1984 Gets a Makeover

There are three reasons why students should go and see UCLU Drama Society’s 1984. And not all of them involve nudity and Michael Chessum.

1984 Bloomsbury Drama

There are three reasons why students should go and see UCLU Drama Society’s 1984.

First, it is a brilliantly directed piece of theatre, which melds both superb ensemble collaboration with some truly standout individual performances.

Secondly, you get a chance to see Michael Chessum play Big Brother’s subservient bitch, with more than a few hints of sado-masochism.

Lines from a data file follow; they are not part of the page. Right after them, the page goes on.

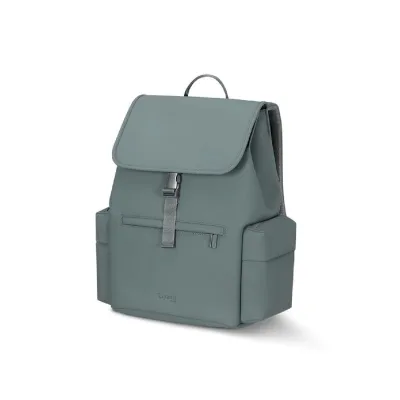 Рюкзак 15,6" LOST IN BERLIN CEMENT STORM - 2 Рюкзак 15,6" LOST IN BERLIN CEMENT STORM - 2 - Robinzon.ua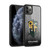 For Honor Icons Knight Gel Armour Case For Apple iPhone 11 Pro Max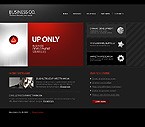image 19040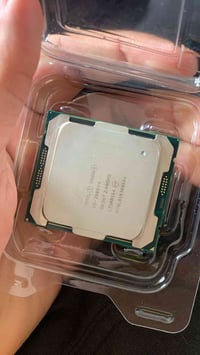 مترفر • ١٠ قطع • كمبيوتر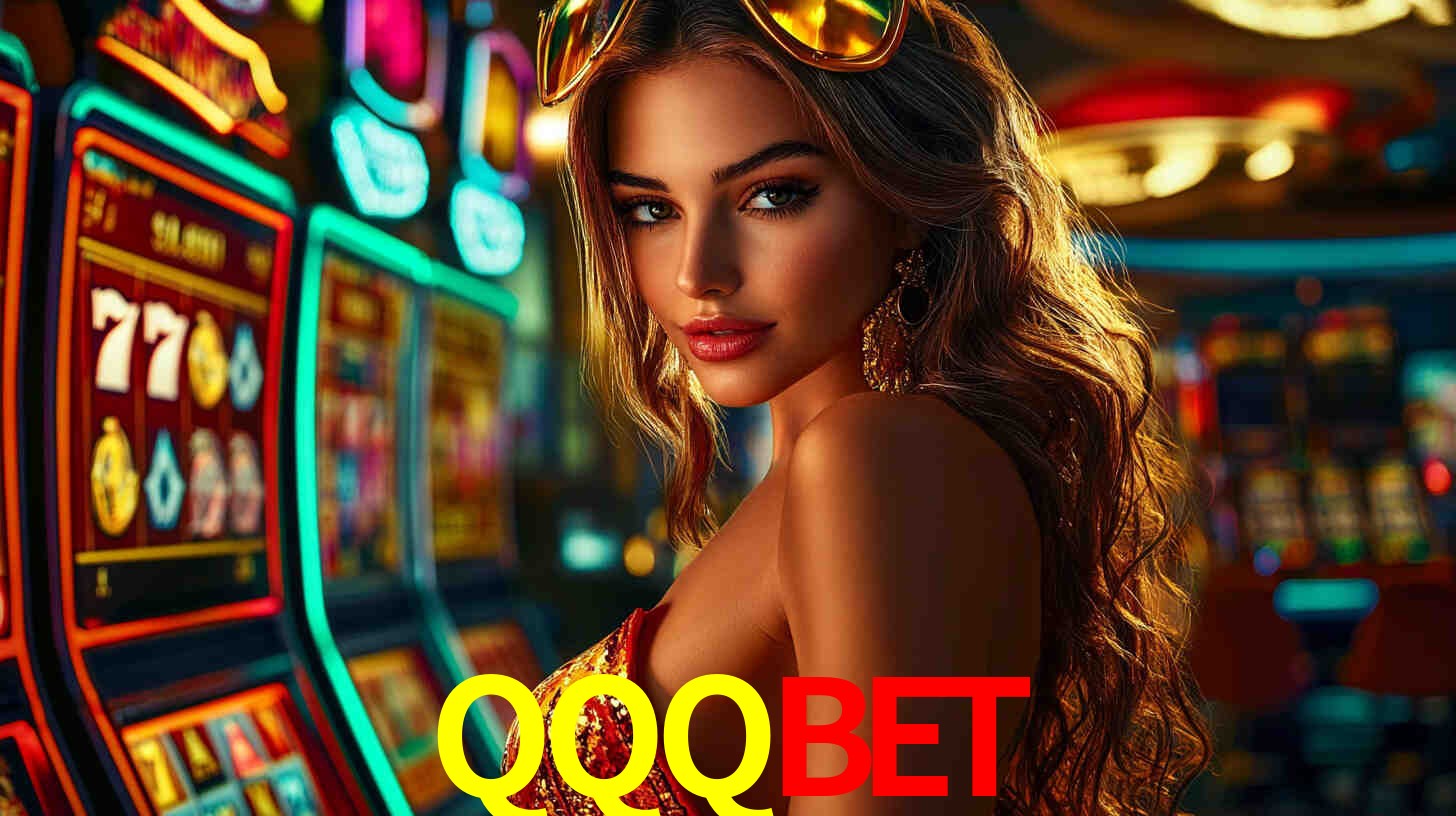 QQQBET,QQQBET.COM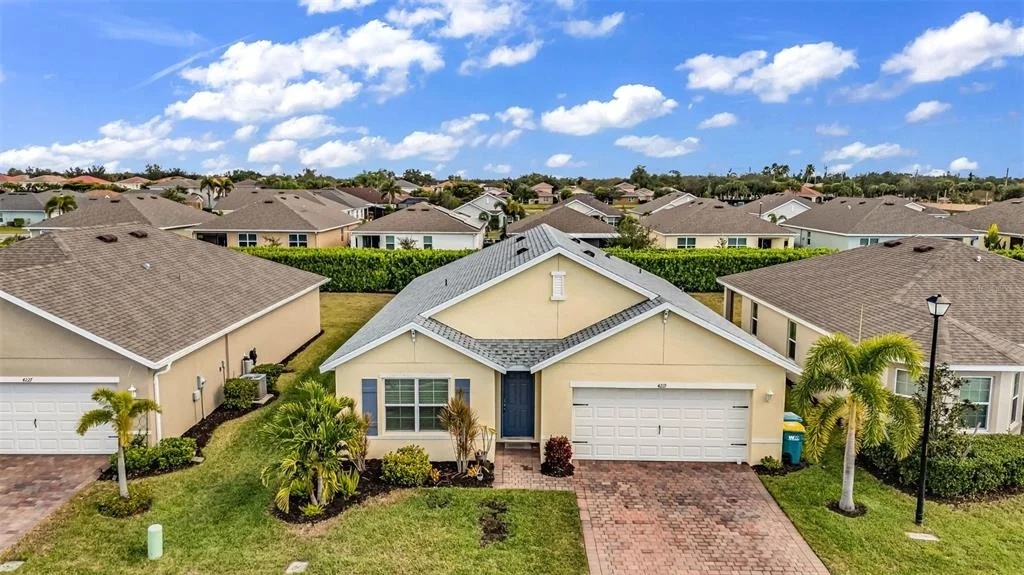 Photo of 4219 MANATEE LANE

This enticing concoction is blown into the stratosphere by the genius casting of UCL Provost Malcolm Grant as Big Brother; the chance to see Chessum stare longingly upwards, lip quivering, at his Kiwi master is definitely worth £5 admission.

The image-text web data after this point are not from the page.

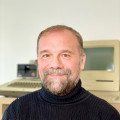​Massimo Banzi
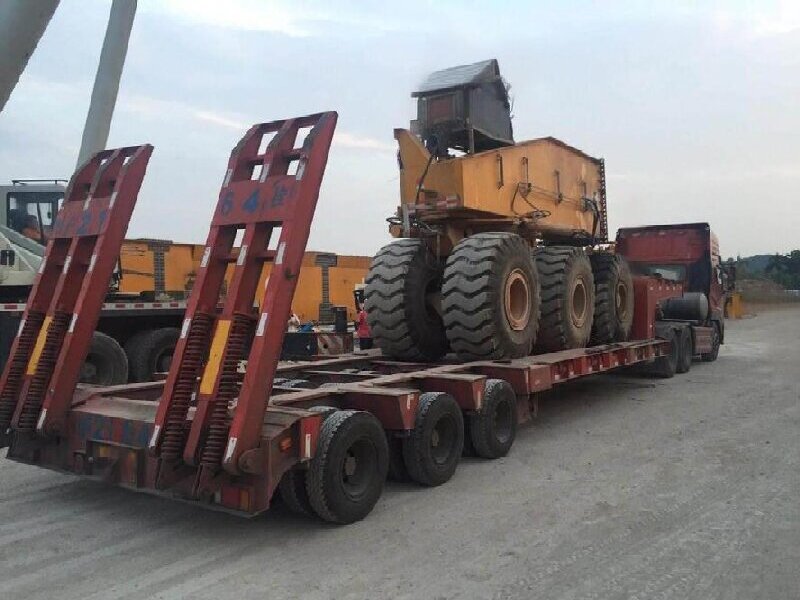 蘇州到惠來物流專線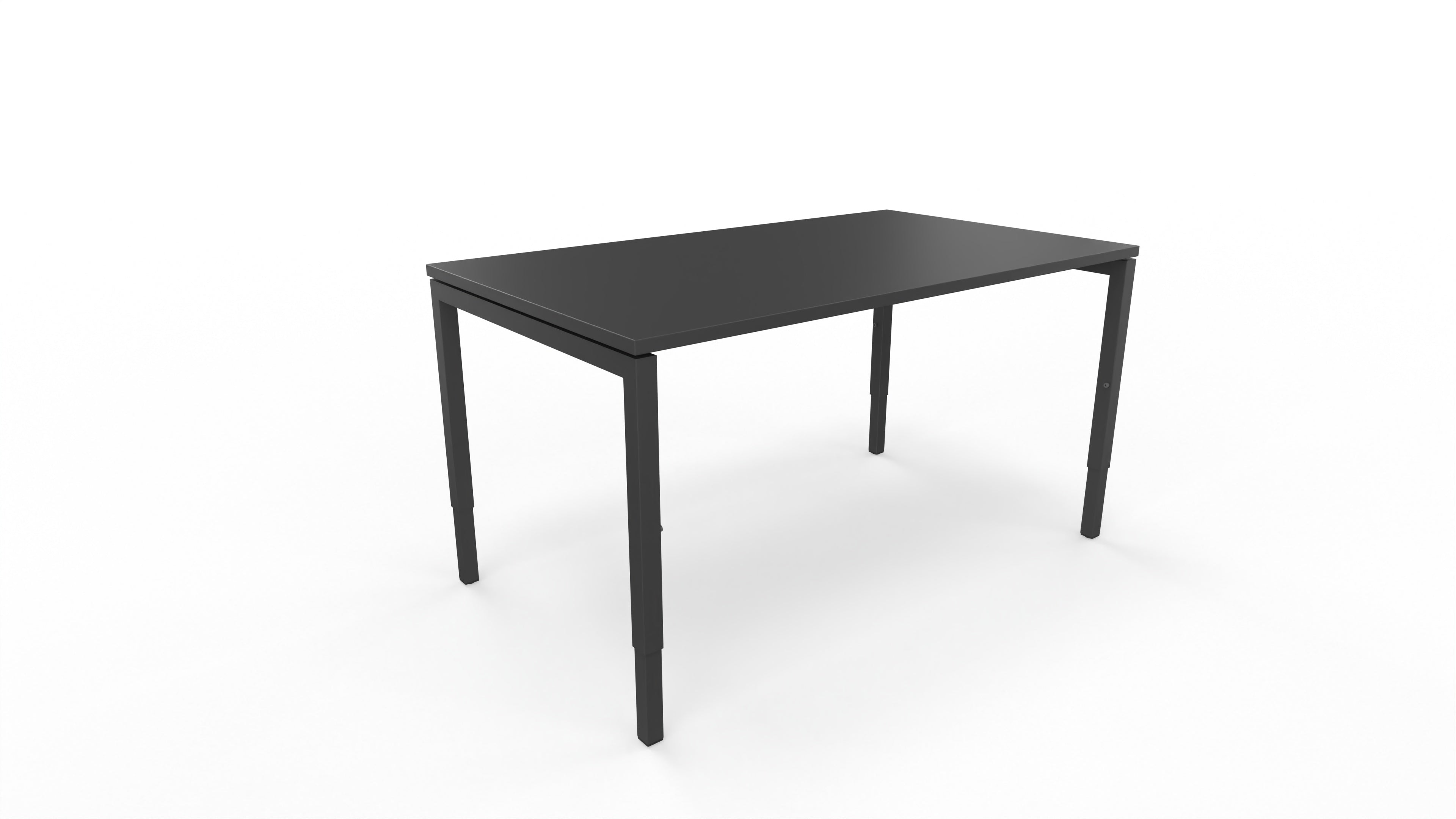 Tisch - Nova H verstellbar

Thirdly, the female romantic lead, Kate Hesketh, spends the majority of the production in her underwear. And strips three separate times, showing off a figure that has been honed perfectly for the Bloomsbury stage.

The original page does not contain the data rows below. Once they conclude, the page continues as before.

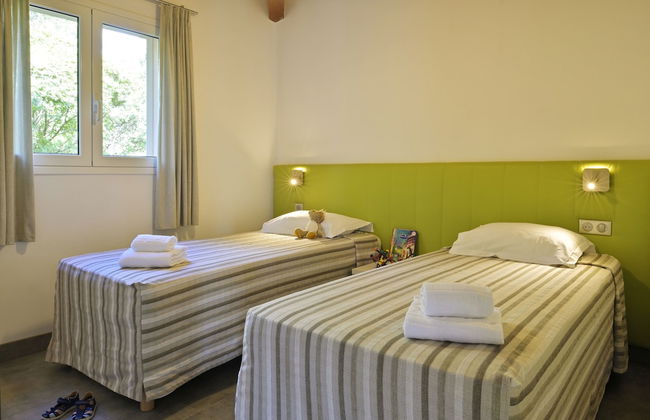 Résidence Arco Plage - Foto 8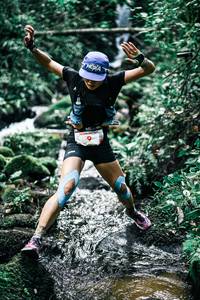 BIB: 
                            <button type="button" onclick="openModal(25294704)" class="btn btn-primary btn-sm float-right btn-popup" data-toggle="modal" data-target=".modal-high-quality">
                        <i class="fas fa-shopping-cart"></i> Add to Cart
                    </button>
                                            <button type="button" onclick="isThisMe(25294704, true)" class="btn btn-success btn-sm float-right btn-popup btn-isme hidden" data-toggle="tooltip" data-placement="bottom" title="นี่คือรูปของคุณใช่ไหม คลิกที่นี่เพื่อเอาเข้าอัลบั้ม">
                        <i class="fas fa-plus"></i> Add to album
                    </button>
                    <button type="button" onclick="isThisMe(25294704, false)" class="btn btn-warning btn-sm float-right btn-popup btn-isnotme hidden">
                        <i class="fas fa-ban"></i> Remove from album
                    </button>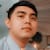 Ronel B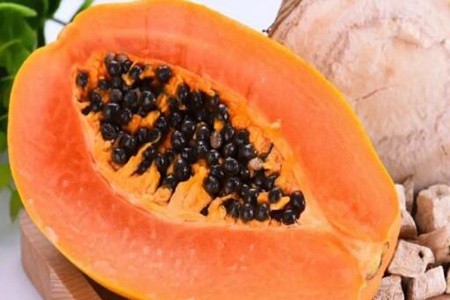 吃什么补充胶原蛋白？这四个食物多吃可防止皮肤松弛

But be assured this production also excels in less important areas. Vocal projection, easily lost in first night nerves, was suburb from the entire cast (particular credit to the two guards who reached the back row even in a gas mask!).

The ensemble work was almost flawless, and their precision was evident during multiple pauses, slow-motion sequences and united action. In fact, it was a shame their combined physicality did not have a greater role in the overall production.

The direction and blocking was excellent; it seemed as though Robert Lepage had stepped in at one point with actors strayed across the stage, waiting perfectly still as the projection moved seamlessly to the right as our eyes fell onto Winston, the unfortunate victim of Orwell’s tale.

Theo Gordon played this part with a searing honesty that was captivating to watch. His monologue, performed in a sole pool of light, saw his body and voice reach Grotowskian levels of pain to produce one of the best few minutes of theatre in the evening.

Hesketh played a difficult role very well, and her falling in love with Gordon was convincing without appearing contrived.

Chessum had a difficult time at the start as his stage time was limited, but by the end his O’Brian was a towering presence that commanded the stage.

A mention must go to Olivia Dowd, who’s Landlady offered (much needed!) comic relief alongside a beautiful vocal performance.

In a production that offered much scope for interpretation from the creative team, it is refreshing that the directors resisted taking an oppressive role. Apart from an odd sequence of canned laughter towards the end, the directing was confident in putting the excellent cast centre stage.

Whilst many students may be attracted by the semi-nudity, or the chance to see a torturous Chessum, the real reason you should see 1984 is because it is an excellent production, with acting that should not be missed.

Word on the street is that tickets have sold fast, so get in quick. Tickets for the Friday matinee will definitely be available.